━━━ Records for this exercise
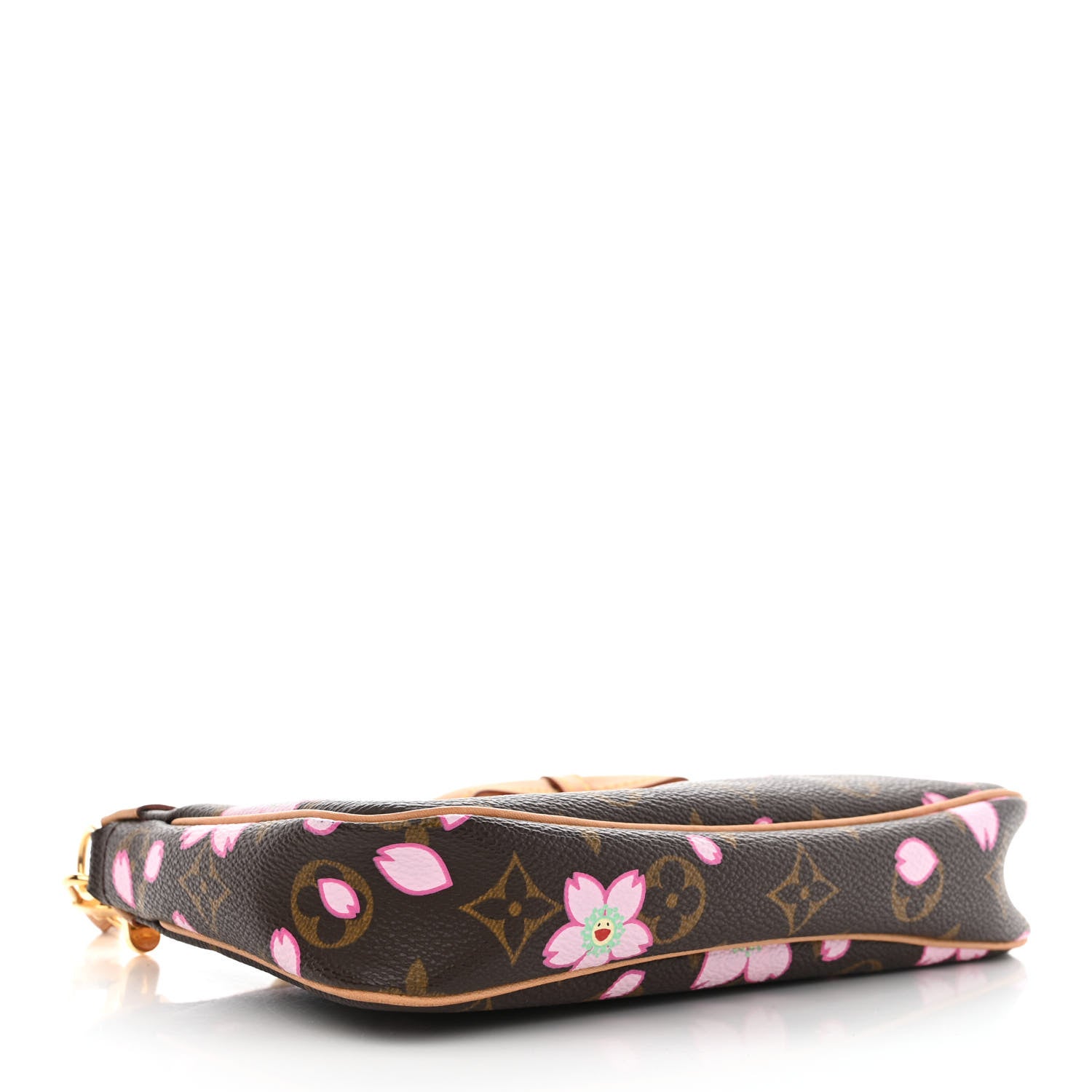 Louis Vuitton Monogram Cherry Blossom Pochette Accessories Brown 4 of 8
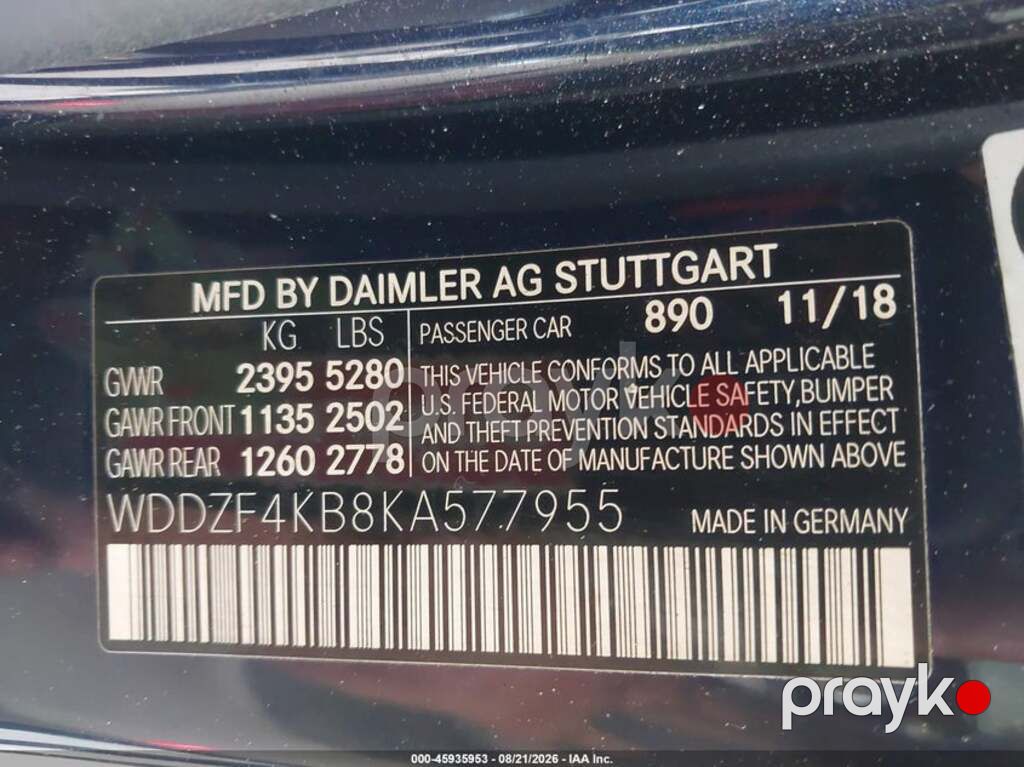 Mercedes E 300 4MATIC, 2.0 L, 2019 il, 68 550 km — Avtomobillər (12)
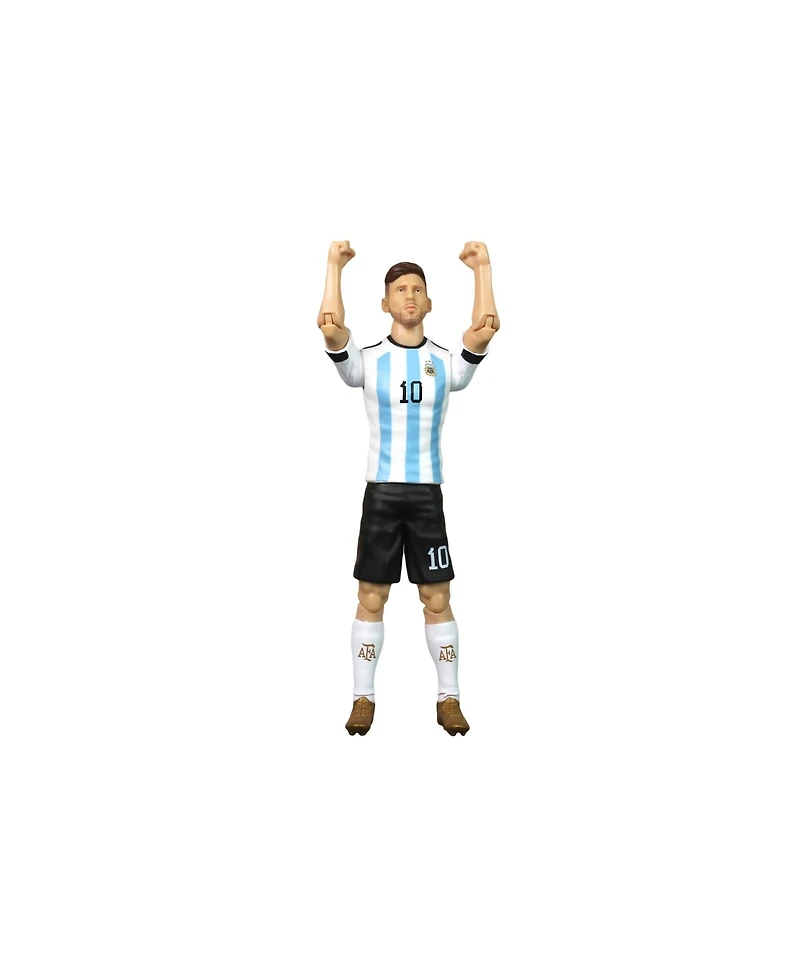 Banbo Toys Sockers Argentina Messi 8" Collectible Soccer Action Figure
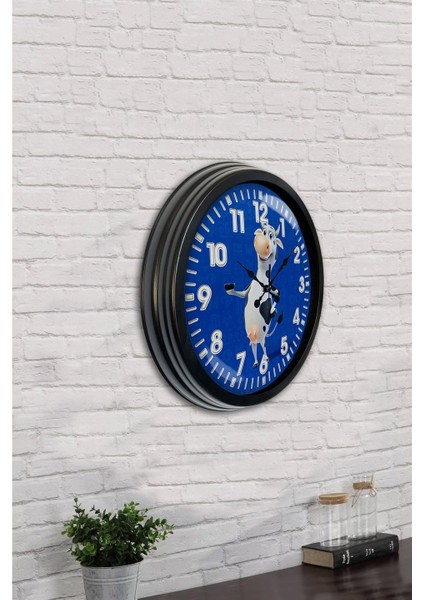 40 cm Siyah Metal Inek Duvar Saati indirimleri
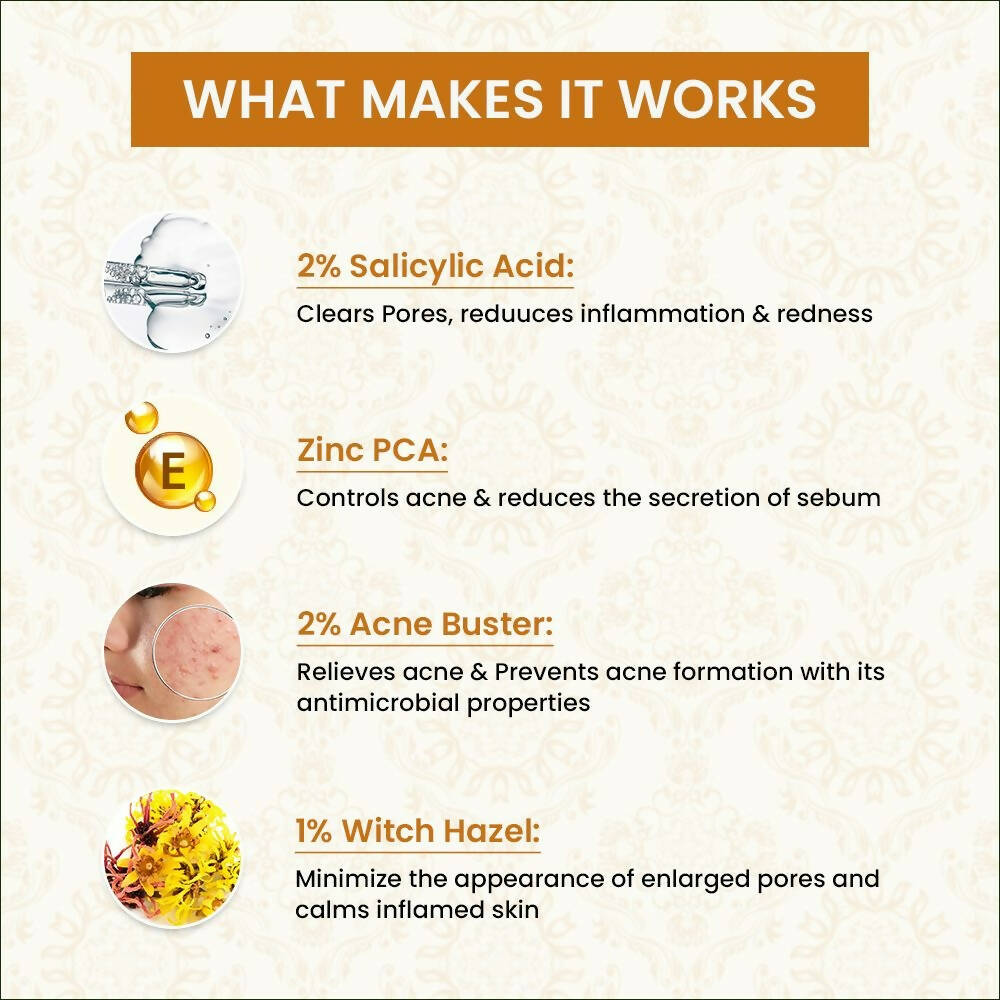 myUpchar Ayurveda 2% Salicylic Acid + Zinc PCA Anti Acne Face Serum | Grocsy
━━━━━━
**Work order**: Produce an exact copy of the records above, leaving out the pictures.

**Answer to the problem**:
 Louis Vuitton Monogram Cherry Blossom Pochette Accessories Brown 4 of 8
 Mercedes E 300 4MATIC, 2.0 L, 2019 il, 68 550 km — Avtomobillər (12)
 Banbo Toys Sockers Argentina Messi 8" Collectible Soccer Action Figure
 40 cm Siyah Metal Inek Duvar Saati indirimleri
 myUpchar Ayurveda 2% Salicylic Acid + Zinc PCA Anti Acne Face Serum | Grocsy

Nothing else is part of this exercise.